Forecasting solar panel energy production is a complex task requiring the use of advanced machine and deep learning methods. Literature sources indicate that applying various models. Each method has its advantages and disadvantages, and the choice of a specific model depends on the task’s characteristics and available data. This paper presents a comprehensive approach to predicting solar energy generation by leveraging detailed meteorological data and advanced machine learning techniques. The main contributions of this study include:

•   Data Collection and Preprocessing: A rich dataset was curated, spanning 14 months and comprising 10,464 rows with 27 features, detailing various weather conditions and solar energy metrics. Data was thoroughly preprocessed, including logarithmic transformations and the addition of sunrise and sunset information. This preprocessing helped in removing non-daylight hours, which corresponded to near-zero energy generation, thus refining the dataset to 6048 rows.

•   Model Development and Training: Multiple models were developed and trained, including SVM, KNN, H2O AutoML, CatBoost, LSTM, and LSTM with Inception layers, each tailored to handle the specificities of the dataset. Specific adaptations were made for each model type, such as one-hot encoding for LSTM models and specifying categorical features for CatBoost.

•   Rule-Based Prediction Wrapper: A novel rule-based (hour-based) prediction wrapper was introduced to enhance model performance by restricting predictions to daylight hours. This wrapper utilized external sunrise and sunset data, ensuring that predictions were only made during hours with potential solar energy generation.

•   Stacking Model Enhancement: The cascaded stacking model for enhancing solar energy production forecasting was proposed, incorporating association rules, weak predictors, and a modified stacking aggregation procedure to enhance generalization and reduce prediction errors.
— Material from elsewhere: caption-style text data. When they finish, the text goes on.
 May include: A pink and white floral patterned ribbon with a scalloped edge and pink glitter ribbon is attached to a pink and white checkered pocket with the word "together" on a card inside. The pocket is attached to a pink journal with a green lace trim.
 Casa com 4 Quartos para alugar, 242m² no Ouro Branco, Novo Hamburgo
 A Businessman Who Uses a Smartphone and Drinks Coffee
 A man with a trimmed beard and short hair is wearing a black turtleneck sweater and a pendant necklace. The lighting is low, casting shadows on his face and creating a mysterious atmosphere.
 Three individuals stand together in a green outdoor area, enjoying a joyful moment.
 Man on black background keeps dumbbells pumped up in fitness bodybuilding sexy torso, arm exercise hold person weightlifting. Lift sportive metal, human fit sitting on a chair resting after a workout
The rest of the paper is organized as follows: Section 2 presents the main models utilized in the paper; Section 3 explains the obtained results of the proposed model; Section 4 compares the results; and finally, the last section concludes the paper.

2  Materials and Methods

2.1 Data Exploratory Analysis

The dataset appears to contain weather and solar energy production data. Meteorological data for the analysis were obtained from https://www.visualcrossing.com/ (accessed on 02 July 2024), which provides historical and forecasted weather data. The location of the solar power station studied is Radekhiv, Lviv region, Ukraine. An important aspect is that the nearest weather stations are located at distances of 64 and 72 km from the solar station, which can cause significant errors in the meteorological data. This affects the accuracy of energy production forecasting, as even minimal errors in input data can lead to substantial deviations in the forecasts [17]. The hourly generated solar energy data are obtained from a commercial accounting metering point. A dataset spanning 14 months of solar generation activity was gathered to train and evaluate the prediction models. The raw dataset contains 10,464 rows of data and 14 columns that describe generation, solar radiation, solar energy, UV index, temperature (Celsius), humidity level, cloud cover, visibility (kilometers), and the elevation and azimuth angles of a solar panel at a certain hour, day, month, and year.
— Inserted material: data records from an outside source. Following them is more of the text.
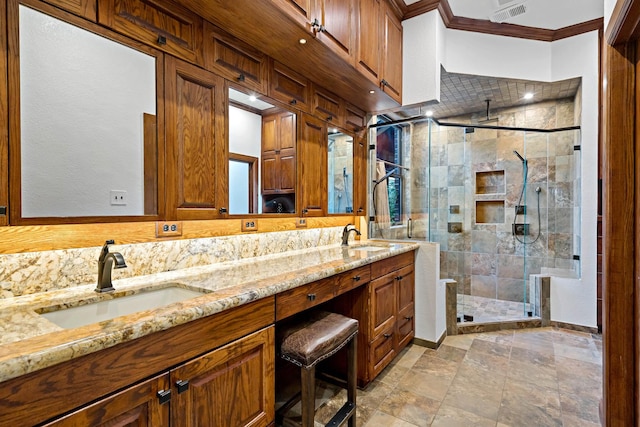 bathroom with ornamental molding, a stall shower, a sink, and visible vents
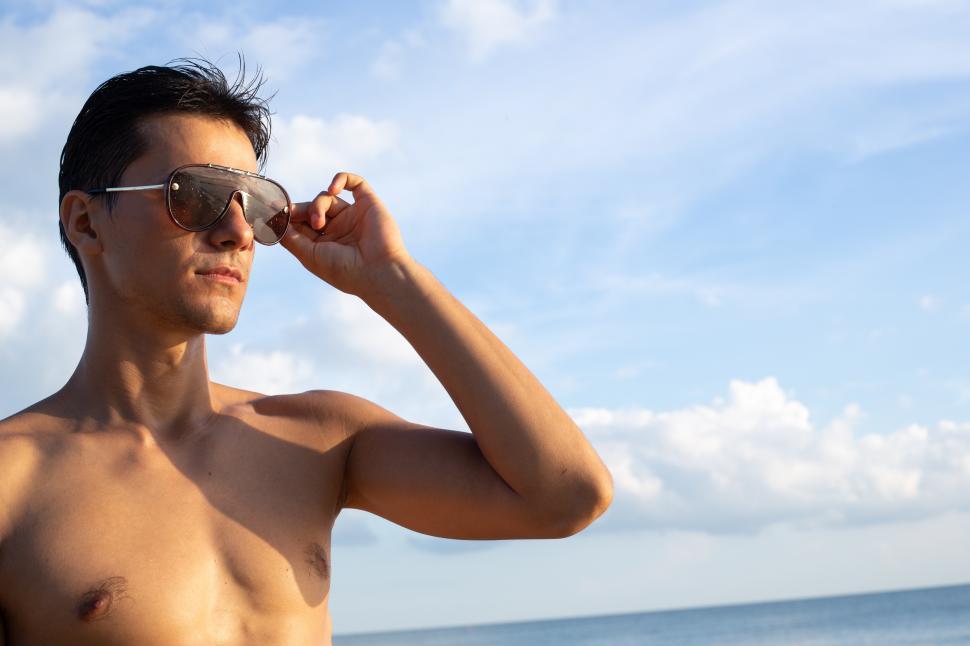 Download Free Stock Photo of Shirtless man wearing sunglasses standing at the beach 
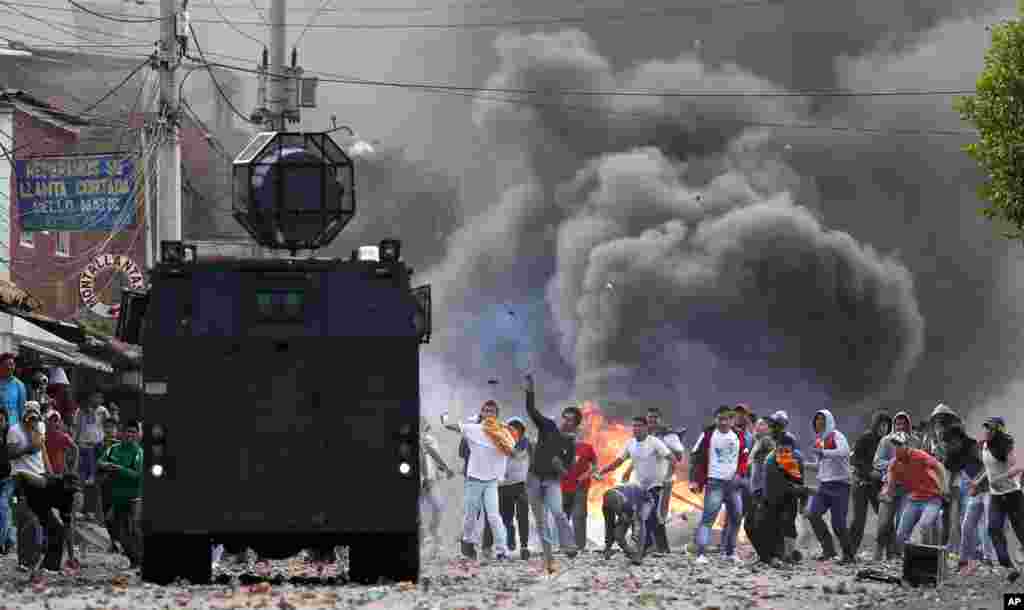 Protesters throw stones at a police vehicle in Ubate, north of Bogota, Colombia, Aug. 26, 2013. Hundreds of protesters clashed with police in support of farmers who had being blockading highways for a week for an assortment of demands that include reduced gasoline prices, increased subsidies and the cancellation of free trade agreements.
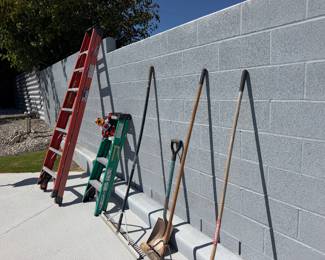 Assorted ladders, shovels, and yard tools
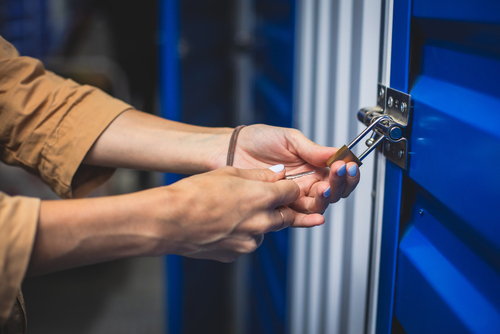 A man closing his bleu doors storage unit with a lock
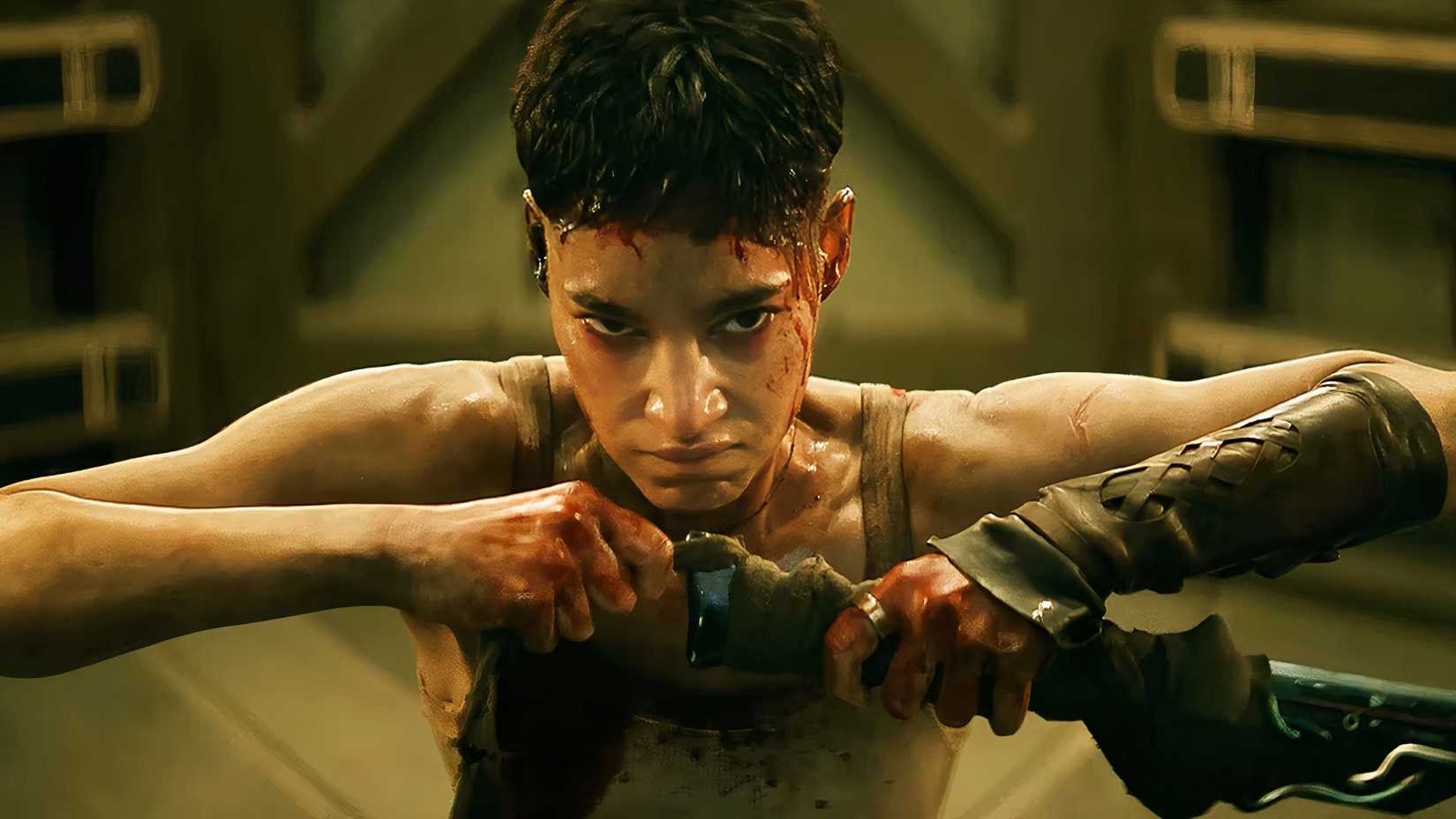 Sofia Boutella in Rebel Moon Director's Cut holding a weapon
Initially, instance selection was performed, resulting in the removal of 0.2% of missing data. Subsequently, an analysis of the initial features was conducted. The dataset contains comprehensive meteorological data, which can be utilized for forecasting solar energy production. The distribution of various features in relation to the target variable, “generation,” is presented in Fig. 1.

images

Figure 1: Initial data distribution

Generally, there is an inverse relationship between humidity and solar energy generation (Fig. 1a). Higher humidity means more water vapor in the air, which can scatter and absorb solar radiation, reducing the amount of sunlight that reaches the solar panels. Therefore, as humidity increases, solar energy generation typically decreases. Temperature affects solar panel efficiency. Generally, solar panels are less efficient at higher temperatures (Fig. 1b). There is often an optimal temperature range where solar panels operate most efficiently. Outside this range, especially at higher temperatures, efficiency drops. The graph shows a peak where the temperature is optimal for maximum generation (parabolic trend), with generation decreasing at temperatures above and below this peak. Solar radiation directly impacts the amount of energy generated by solar panels. More solar radiation generally results in higher energy production (Fig. 1c). This relationship is typically positive and linear. The graph shows an upward trend, indicating that increased solar radiation leads to higher solar energy generation. Fig. 1d shows the relationship between the total solar energy received (input) and the solar energy generated (output). This is a direct correlation between the solar energy received and the energy generated, but inefficiencies and losses in the system can affect this relationship. The graph shows a linear trend with a slope of less than 1, indicating that not all received solar energy is converted into electrical energy due to inefficiencies.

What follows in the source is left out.